──────── Dataset records ────────

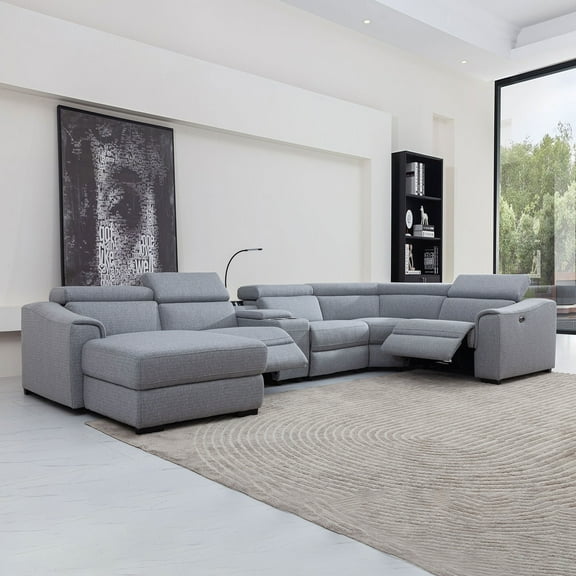 MofitHome,Living Room,Lynn 6PCS Modern Motion Reclining Sectional with Left Hand Facing Chaise,Console with LED Reading Light,Power Outlet with USB Panel,Light Grey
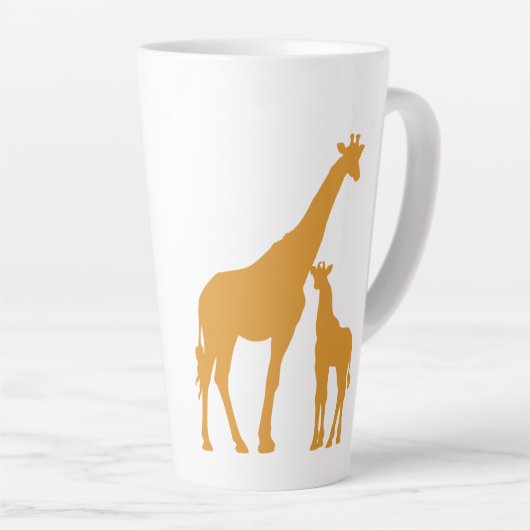 Mama en Baby Giraffe Latte Mok (Rechterhoek)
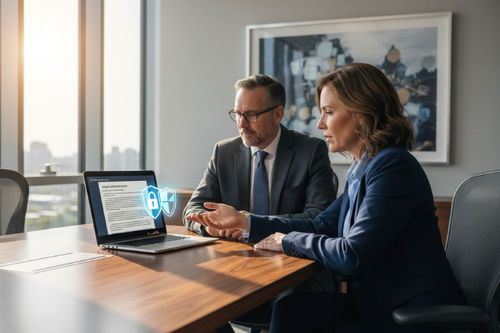Na obrázku jsou dva lidé v profesionálním oblečení sedící u stolu v kanceláři. Před nimi je otevřený notebook s obrázkem zámku a štítu na obrazovce, naznačující důraz na bezpečnost nebo ochranu dat. V pozadí je velké okno s výhledem na město.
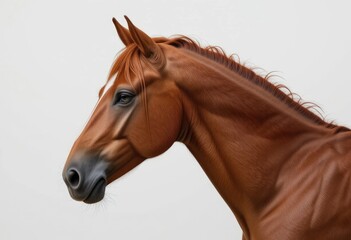 Obraz premium Elegant Chestnut Horse Profile Portrait with White Background Detail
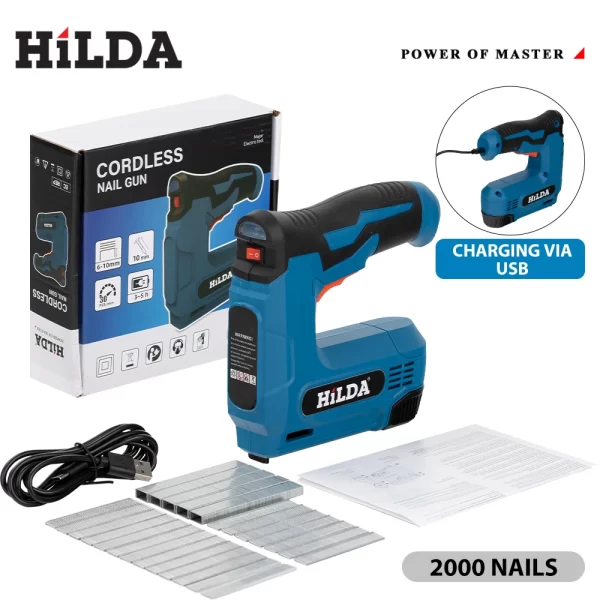 HILDA USBElectric 2-in-1 Air Nail Gun Furniture Pneumatic Gun Wood Frame Stapler Pneumatic Tool Power Tools with 2000pcs Staples - Image 7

────────

Restate the records word for word and drop the images.

 MofitHome,Living Room,Lynn 6PCS Modern Motion Reclining Sectional with Left Hand Facing Chaise,Console with LED Reading Light,Power Outlet with USB Panel,Light Grey
 Mama en Baby Giraffe Latte Mok (Rechterhoek)
Na obrázku jsou dva lidé v profesionálním oblečení sedící u stolu v kanceláři. Před nimi je otevřený notebook s obrázkem zámku a štítu na obrazovce, naznačující důraz na bezpečnost nebo ochranu dat. V pozadí je velké okno s výhledem na město.
 Obraz premium Elegant Chestnut Horse Profile Portrait with White Background Detail
 HILDA USBElectric 2-in-1 Air Nail Gun Furniture Pneumatic Gun Wood Frame Stapler Pneumatic Tool Power Tools with 2000pcs Staples - Image 7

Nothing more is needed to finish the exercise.